Cricklewood to Cochin. Welcome to India. There’s something very satisfying about starting a journey at the very tip of a country. Kovalam is an India I would have never visited had I not undertaken this journey. It couldn’t be less like the India I know. The heat is oppressive, even in the winter. The food is utterly different and the vistas are tropical. In a few weeks time I will have zigzagged my way, east then west and finally north to the other tip of the subcontinent, Kashmir and Srinagar, some two and half thousand miles away.
But I’m not quite there yet. It was all going so smoothly. Too smoothly. From north-west London to almost the southern tip of India. It’s that ‘almost’ that is so very crucial. What any sensible traveller would have done would have been to fly directly from Bombay to Trivandrum, an hour’s flight, but where’s the fun in that? Having taken a flight to Cochin, I thought that it would be a shortish cab ride from Cochin to Trivandrum (now called Thiruvananthapuram, at least by the Indian government; it’s just far too many syllables for me).

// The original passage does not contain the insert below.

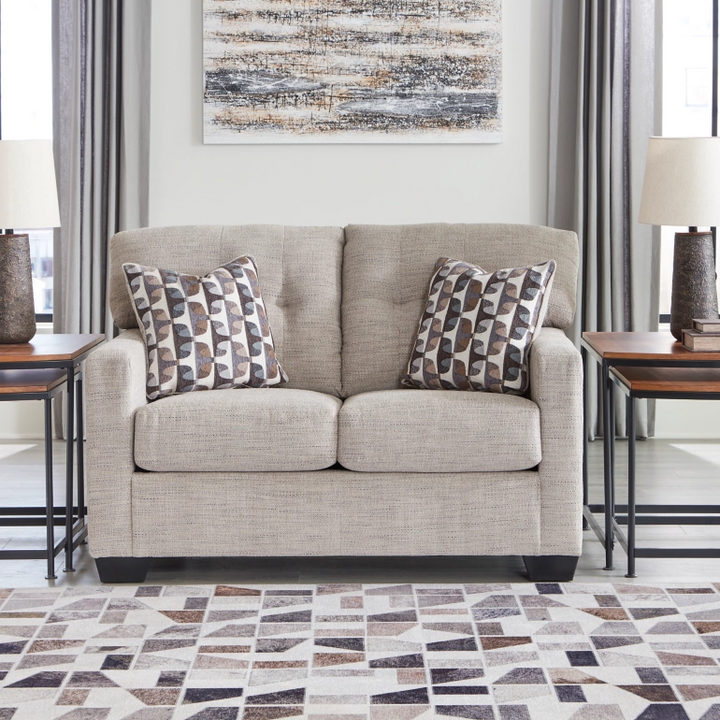 3100435 Mahoney Loveseat In Fabric Upholstery - Pebble  | Signature Design By Ashley
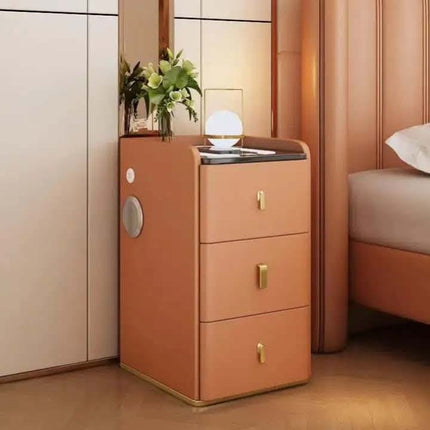 Luxury Wooden Bedroom Furniture Smart Table Modern Nightstands with USB Wireless Charging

What I had failed to check in my haphazardly ‘creative’ way was the distance from Cochin to Kovalam: 260km. I am faced with a stark choice. A charmingly helpful gentleman at the pre-paid taxi desk tells me that a cab from Cochin to Kovalam will cost me about fifty quid and take five hours. Now what you have to realise is that in the UK we have great motorways which means a 260km journey, approximately 150 miles, can be executed in two hours or so. In India however no such roads exist. If it was early morning I might consider the cab ride, given that daylight brings an enhanced degree of safety on the roads of India. The fact that it is just past three o’clock in the afternoon mitigates against a journey that would inevitably end under the canopy of a chaotic Indian evening.
Thankfully there is a flight to Kovalam – in seven hours’ time. It transpires that it will cost the princely sum of seven good British pounds. I have to wonder why the price of a fl ight is so cheap. In India, given the massive differential in exchange rates, there are two prices for everything: the Indian Price and the Tourist Price. I suspect that the small airline from which I have purchased my ticket has mistaken me for an Indian, a proper Indian rather than a British Indian interloper. And why wouldn’t they? This is the south. No one really speaks Hindi here; they speak Keralan. I have only just arrived in India and I am already being mistaken for an Indian. But I have a decision to make: fifty quid for a five-hour cab ride or a seven-hour wait for seven quid? The sevens have it.
With hours and hunger to kill, I realise I have more than enough time to travel into town, look around, eat and come back. I hail a cab for Port Cochin to a place called the Chinese Fishing Nest. Intriguing.
Once in the cab I realise that my decision to fly has been vindicated.